Trump da öyle yaptı. Önce kilisede ayine katıldı, sonra hava muhalefeti nedeniyle Beyaz Saray'ın önünde değil de içeride yemin törenini yaptı. ABD ulusuna sadakatini, vaatlerini ve kehanetlerini kısaca anlattı. ABD için "inanç, özgürlük ve zenginlik" vaadinde bulundu. Halk, soğuğa rağmen yine de sarayın önünde toplandı. Kendisini bu sadakat içinde hissetti. Belli bir millet temeli olmamasına rağmen "Amerikan rüyası" kehanetinde kendisini hissetti. Cumhuriyetçiler ve demokratların sert savaşlarını aşan pozlar verildi. Biden ve Trump eşleriyle beraber " Amerikan ailesi" havasını yansıttılar.

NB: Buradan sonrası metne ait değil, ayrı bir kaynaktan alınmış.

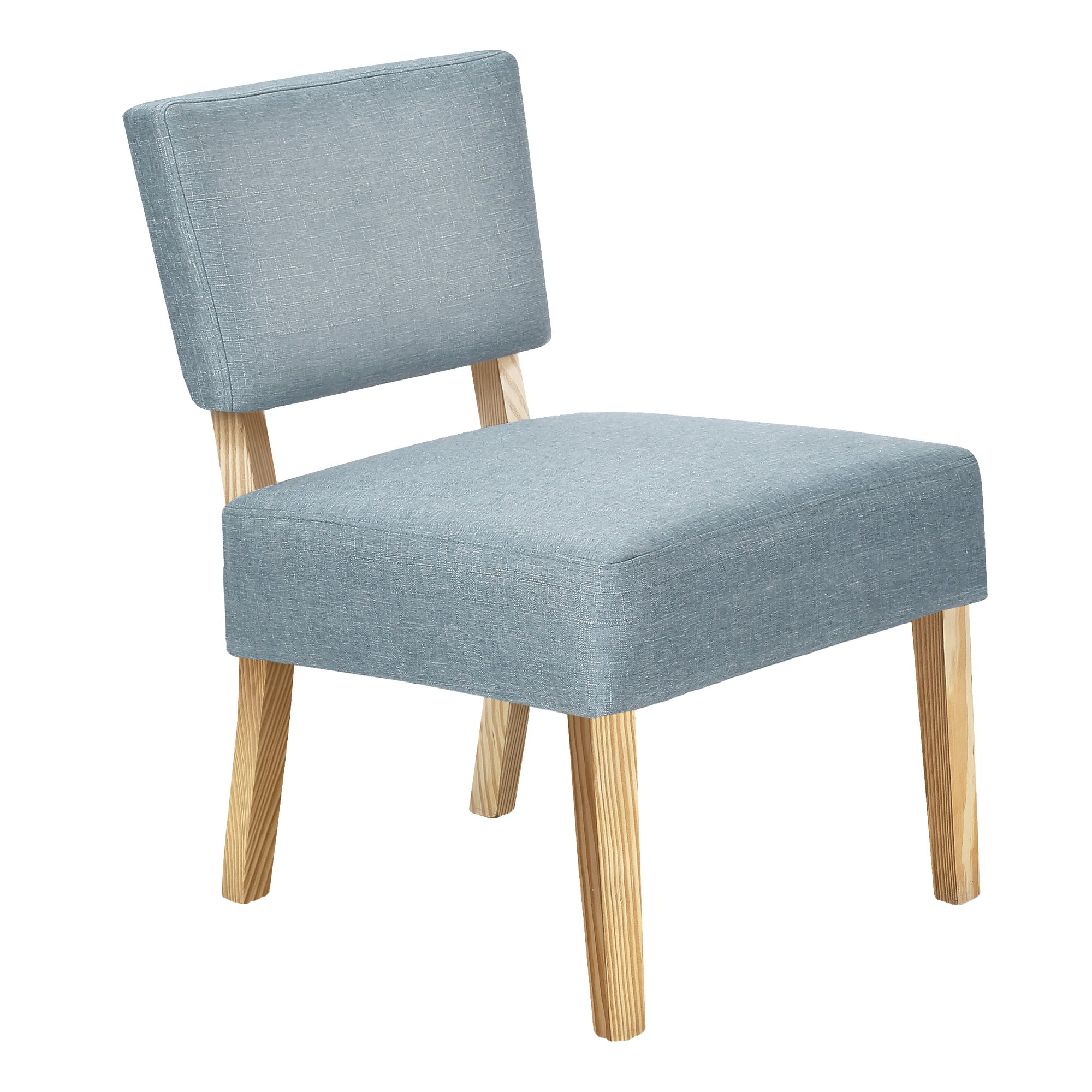 Accent Chair - Light Blue Fabric / Natural Wood Legs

Trump'ın yeni kehaneti de "Amerikan altın çağı". Artık Amerikan rüyası yerine Amerikan altın çağı öne çıkıyor. Tarihte bütün devletlerin ve toplumların altın çağı olmuştur. Şimdi Trump yeniden piyasaya sürdü. Umut vermek, umut pazarlamak istiyor. Popülist demokrasisini sonuna kadar kullanıyor. Siyasal mitlerden yararlanıyor. Mitolojik taleplere cevap veriyor örtülü bir şekilde. ABD'nin siyasal mitolojileri...

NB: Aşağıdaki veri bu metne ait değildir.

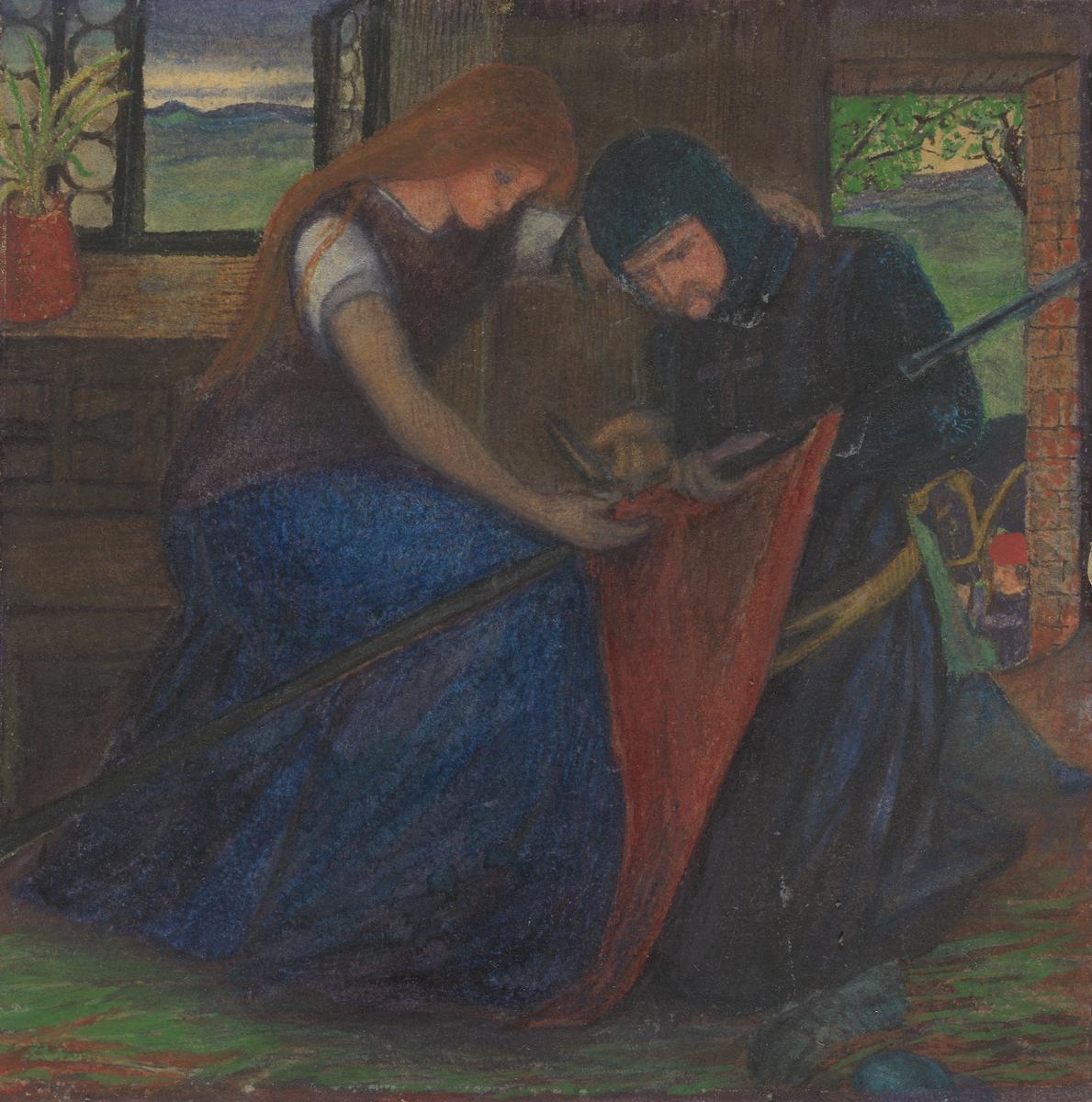 Siddal's "Lady Affixing Pennant to a Knight's Spear"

Başkanlık yemini ritüeller, cemaatik dayanışma ve kutsallık ruhuyla gerçekleşti. Sosyolog Daniel Bell haklı olarak buna "sivil din" diyor. Çünkü "kilise dini" değil. Kilisenin yönetiminde gerçekleşmiyor. Ritüelleri, cemaatik dayanışması ve kutsal havası da kiliseye ait değil. Kilise formel olanı temsil ettiği için ona "resmi din" diyoruz. Kiliseden bağımsız olan ve dinsel hava taşıyan kutsallıklara ve ritüeller sistematiğine de sivil din. Aslında sivil din kavramını ilk defa Rousseau kullanıyor. 18. Yüzyılda, Fransa'da kilise ile devletin kanlı bıçaklı olduğu zamanlarda kavramı geliştiriyor. Kilise, Katoliklik formuyla bütün dinsel varlığı tekelinde tutuyor. Tek kilise, tek din anlayışı, tek din yorum. Bunun dışına çıkanları engizisyon mahkemesine çekiyor. Hayatları cehenneme çevriliyor.

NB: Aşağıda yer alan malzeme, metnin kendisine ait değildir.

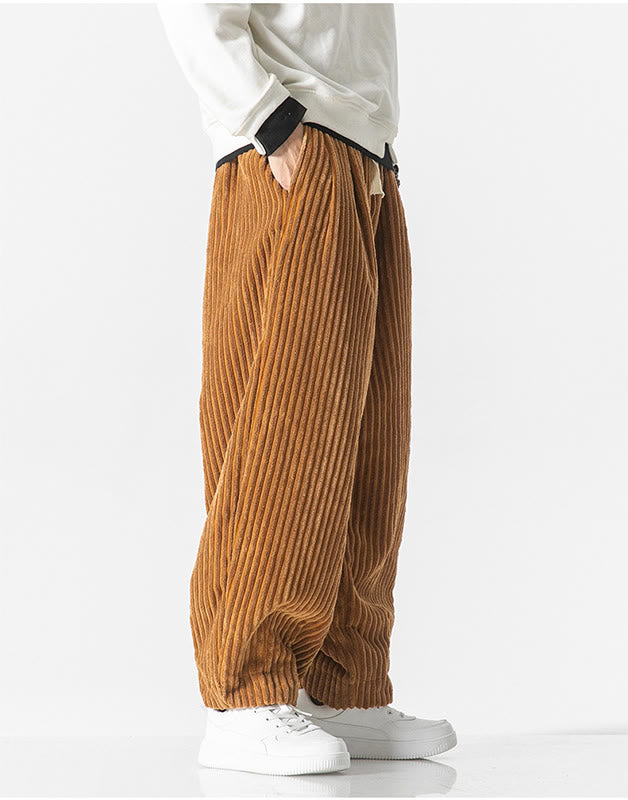 Pantalon sarouel en velours côtelé avec cordon de serrage et poches pour homme, style rétro hiver, couleur unie, motif Buddha Stones - image 12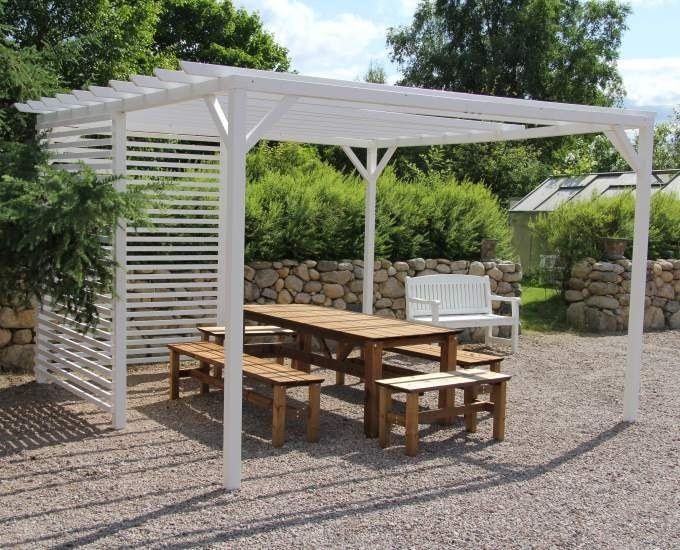 biała nowoczesna pergola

Protestanlık, Katolik kiliseline başkaldırarak ortaya çıkıyor. Arkasından bir dizi mezhep-tarikat ve din anlayışı doğuyor. Fakat hepsi de kilise kuruyor. Batıda kilisesiz ne mezhep var ne de tarikat. İşte Rousseau, hiçbir kiliseye dahil olmayan vatandaşların dini kimliklerine sivil din adını veriyor. Eşit vatandaşlar, din konusunda da hiçbir kilise bağlılığına girmeden sivil kalabilirler.
Trump ile beraber başkanlık yemin töreninin en etkili sivil din ritüellerini gördük. Yemin, dua, giyim bunu yansıttı. Hatta Elon Musk selamı bile bu törenden rol çalmaya çalışan bir teşebbüs. Musk, bu törenin taşıdığı anlamı biliyor. Bundan dolayı ondan yararlanmayı bildi. Kendi hikayesine yeni bir selam üreterek pay almaya çalıştı. Sanki sivil dinin yeni aizi olma peşinde. Elbette seküler aziz bu. Ama yine de dünyaya yön veren, etkili olan ve bilinçleri kendine bağımlı hale getiren bir liderlik peşinde.